Generally, a scroll compressor includes a fixed scroll, which is fixed to a housing, and a movable scroll, which orbits with respect to the fixed scroll. The fixed scroll includes a fixed base plate and a fixed spiral wall projecting from the fixed base plate. The movable scroll includes a movable base plate and a movable spiral wall projecting from the movable base plate. The fixed spiral wall and the movable spiral wall are engaged with each other to define a compression chamber. The orbital movement of the movable scroll decreases the volume of the compression chamber and compresses refrigerant.
Japanese Laid-Open Patent Publication No. 2004-144045 describes an example of a scroll compressor that includes an elastic body arranged between the housing and the movable base plate of the movable scroll. A reactive force produced by a compression stroke produces a reactive force that acts on the movable scroll in the thrust direction. The elastic body counters the reactive force to enhance the sealing of the compression chamber.

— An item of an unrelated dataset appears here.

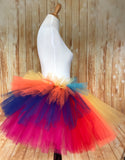 Kevin Up Women’s Disney Marathon Tutu Skirt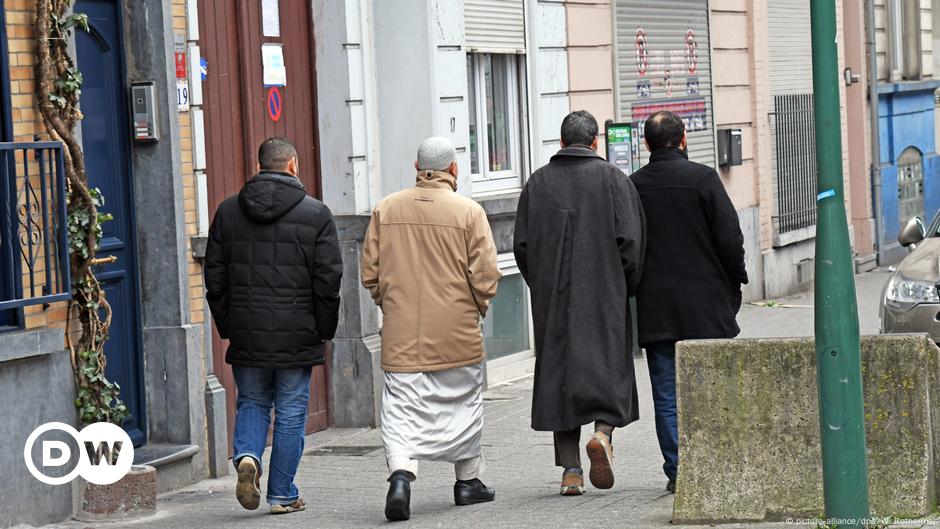 Belgien: Molenbeek und der islamistische Terror | Fokus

Referring to FIG. 7, a scroll compressor 110 of the publication includes a housing 100, which accommodates a movable scroll 101 including a movable base plate 102. An elastic body 103 (sealing member) is arranged on the back surface of the movable base plate 102. The elastic body 103 is flat and annular and made of a metal material such as a carbon tool steel. In the housing 100, an opposing wall 105 is arranged at the side of the movable scroll 101 facing away from the fixed scroll 104. The opposing wall 105 faces toward the movable scroll 101. The back surface of the movable base plate 102 includes a contact portion 102a. The elastic body 103 is fixed in the housing 100 between the movable scroll 101 and the opposing wall 105 so that the elastic body 103 and the contact portion 102a are pressed against each other. The pressing between the elastic body 103 and the contact portion 102a is ensured at any orbital position of the movable scroll 101 relative to the fixed scroll 104.
In the housing 100, a back pressure chamber 107 (back pressure region) is defined at the inner side of the contact portion 102a. The pressing between the elastic body 103 and the contact portion 102a seals the back pressure chamber 107 from the region at the outer side of the contact portion 102a in the housing 100. The supply of refrigerant to the back pressure chamber 107 generates pressure (back pressure) acting to urge the movable scroll 101 toward the fixed scroll 104. This enhances the sealing of the compression chamber 108.
In addition, the opposing wall 105 includes a recess 105a that allows for elastic deformation of the elastic body 103. The pressing between the elastic body 103 and the contact portion 102a elastically deforms the elastic body 103 toward the opposing wall 105. The deformed elastic body 103 produces a resilient force that acts to restore the original shape of the elastic body 103. This urges the movable scroll 101 toward the fixed scroll 104. Thus, the movable scroll 101 is urged toward the fixed scroll 104 even when the back pressure in the back pressure chamber 107 is insufficient such as when the scroll compressor 110 starts to operate. This enhances the sealing of the compression chamber 108.
However, the elastic body 103 of the scroll compressor 110 is made of metal. Thus, the pressing between the elastic body 103 and the contact portion 102a may not be able to sufficiently seal the back pressure chamber 107 from the region at the outer side of the contact portion 102a in the housing 100. This may result in the leakage of refrigerant from the back pressure chamber 107 to the region at the outer side of the contact portion 102a in the housing 100.
During a normal operation of the scroll compressor 110, the movable scroll 101 is urged toward the fixed scroll 104 by the urging force produced by the elastic deformation of the elastic body 103, as well as the urging force produced by the back pressure in the back pressure chamber 107. When the urging force of the back pressure in the back pressure chamber 107 sufficiently urges the movable scroll 101 toward the fixed scroll 104 and enhances the sealing of the compression chamber 108, the urging force produced by the elastic deformation of the elastic body 103 would result in excessive pressing of the movable scroll 101 against the fixed scroll 104. This increases the sliding resistance between the movable scroll 101 and the fixed scroll 104 when the movable scroll 101 orbits. The sliding resistance causes mechanical loss during normal operation of the scroll compressor 110.